The B and B's owner and a former editor of Essence magazine, Monique Greenwood promised us last week not only would she have a portion of the three-story, 5,000-square-foot mansion complete, she'd unveil the inn's Philly-centric theme.
And it is — drumroll, please: The Sound of Philadelphia.
"I knew about my girl Jill [Scott] and, of course, the legendary Roots," Greenwood said to the crowd as many people sipped red sangria to keep cool. "But I was doing lots of research and there is so much good music that comes out of Philadelphia: Teddy P., the Blue Notes, the Stylistics, the O'Jays …"
Show me the lie.
As of Wednesday, three of the six Akwaaba suites were complete, including "Like It's Golden," a plush, platinum shout-out to one of Scott's most popular songs, complete with sunshine-yellow bedding; "Blue Note," a cerulean nod to the The Sound of Philadelphia's OG's like Pendergrass and McFadden & Whitehead.
Also checked off the done list is the rose-colored "Itchy Kitchy" suite that takes its name directly from the suggestive lyrics in Labelle's 1974 hit, "Lady Marmalade." If you can believe it, some people actually didn't know about the song's not-so implied meaning.

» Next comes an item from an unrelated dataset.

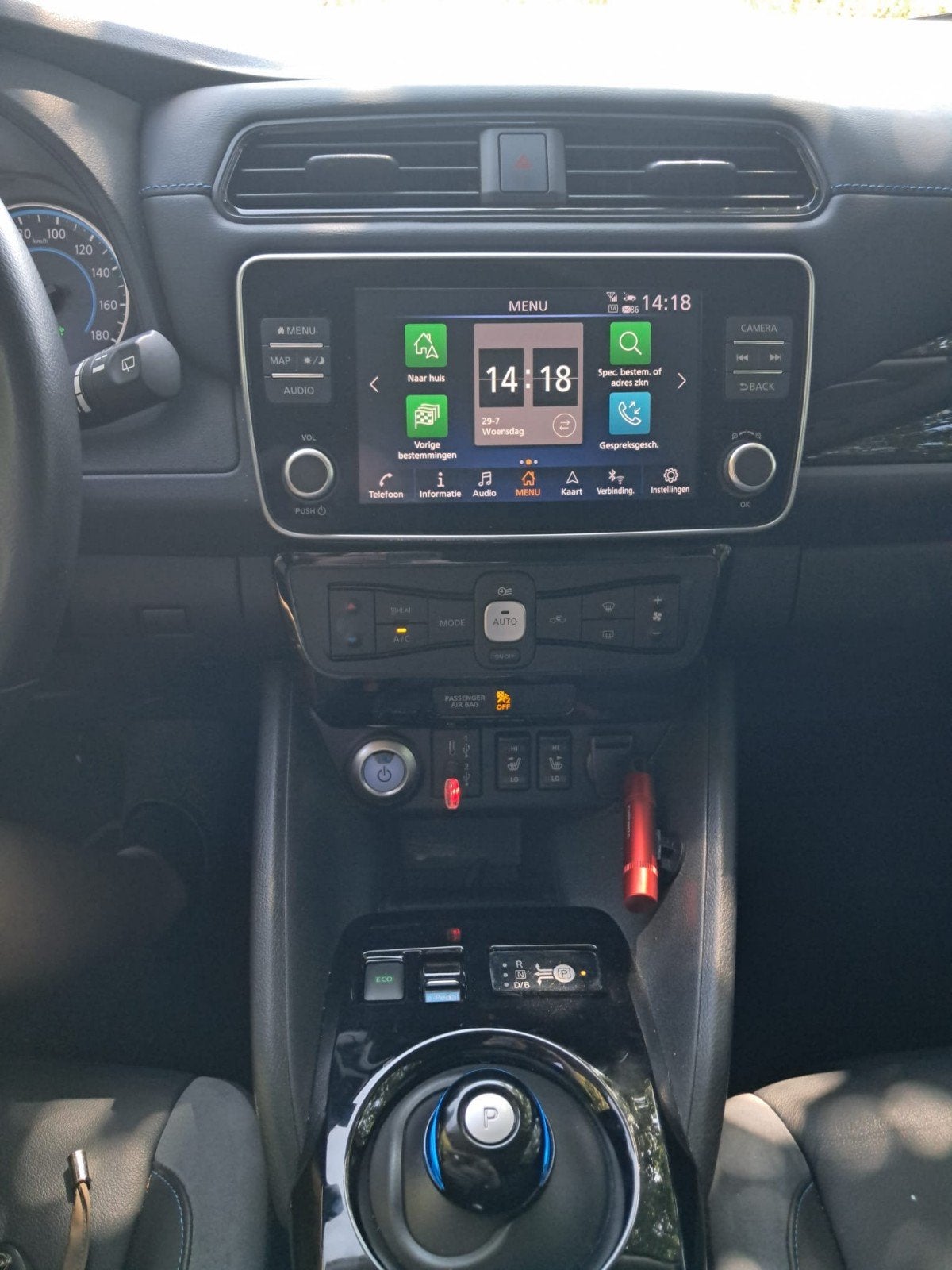 Foto 13 van Nissan Leaf Electric e+ Tekna  62kWh 2022 Grijs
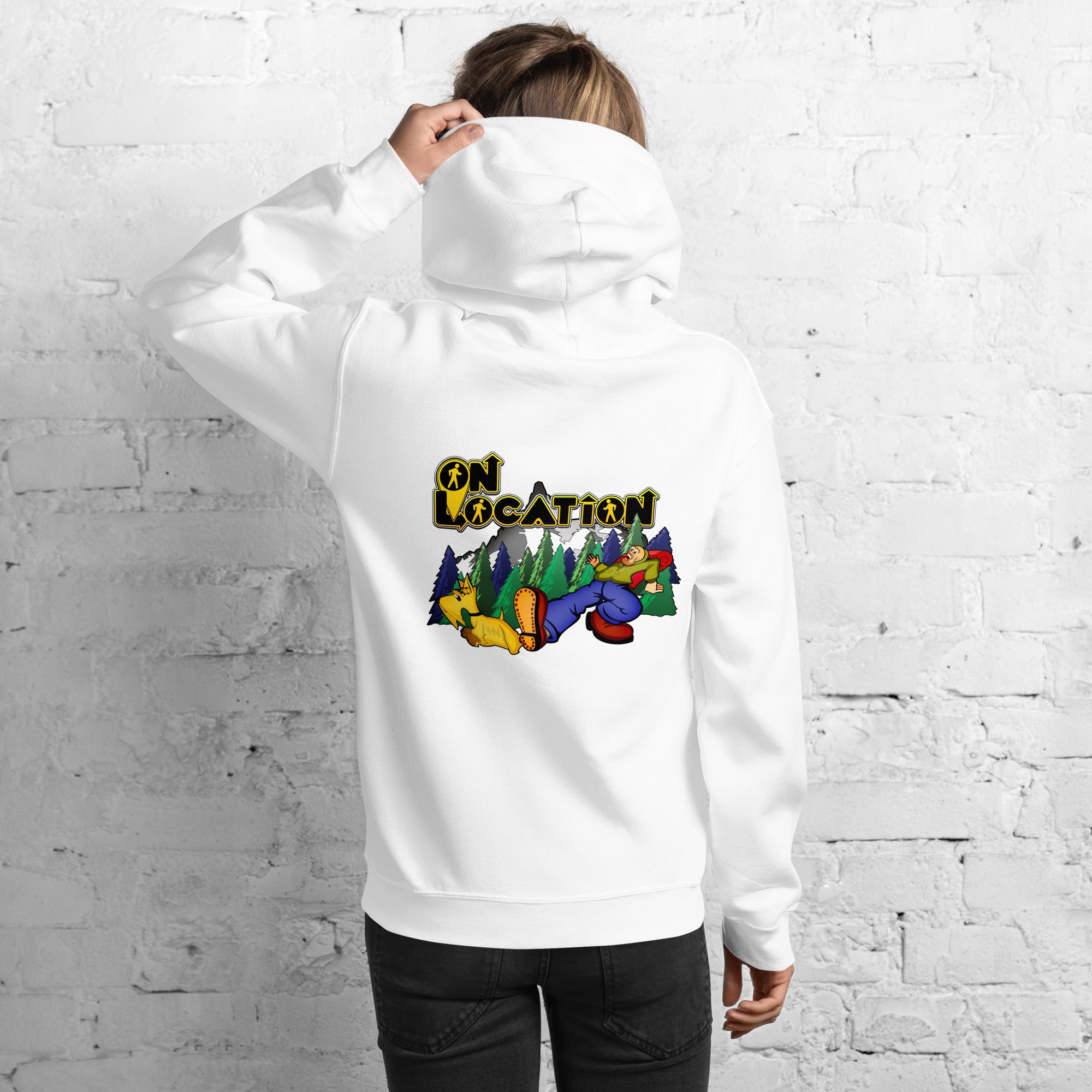 Keep On Hiking Hoodie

There was some lighthearted chitchat around whether or not Greenwood would change the name. But, why? It's is a bed-and-breakfast, after all.
By the time Akwaaba's first overnight guests arrive in August, the three other suites will be "The Roots Retreat" in honor of the legendary Roots crew; "Swoon," a sleeping space named in honor of deep-throated R&B love songs; and the "Neo Soul" room that Greenwood says, will be dedicated to the jazzy R&B tunes of Musiq Soulchild, Bilal and Floetry.
Greenwood's quick turnaround of the $1.2 million home was nothing short of a miracle. When I first visited Akwaaba two weeks ago, it still had all of its previous Spruce Hill Manor flavor. Janet Reitano, who ran that bed-and-breakfast for more than 10 years, was still packing up her Victorian china and ornate furniture.
But on Wednesday, the place was transformed. All this work is in service of making the space welcoming to everyone, especially African Americans.
This was not lost on the visitors. Some of whom were longtime Akwaaba fans. Many, however, were longtime Philadelphians who fondly remembered when Baring Street was a part of a thriving African American community back in the 1940s, '50s and early '60s.
They talked among themselves in low whispers about a time before the homes of their grandparents and older aunts and uncles fell into neglect, a time before higher taxes forced the older relatives who remained to leave. This was a time before the area was gentrified within an inch of its life. To them, Akwaaba brings a sense of excitement and possibility.
"I'm so glad she's here," said Lynne Garrett, who grew up in the West Philadelphia neighborhood, once called The Bottom. "It brings a sense of hope. Many of us can't afford houses in these neighborhoods anymore," Garrett paused. "I'm so glad she's here."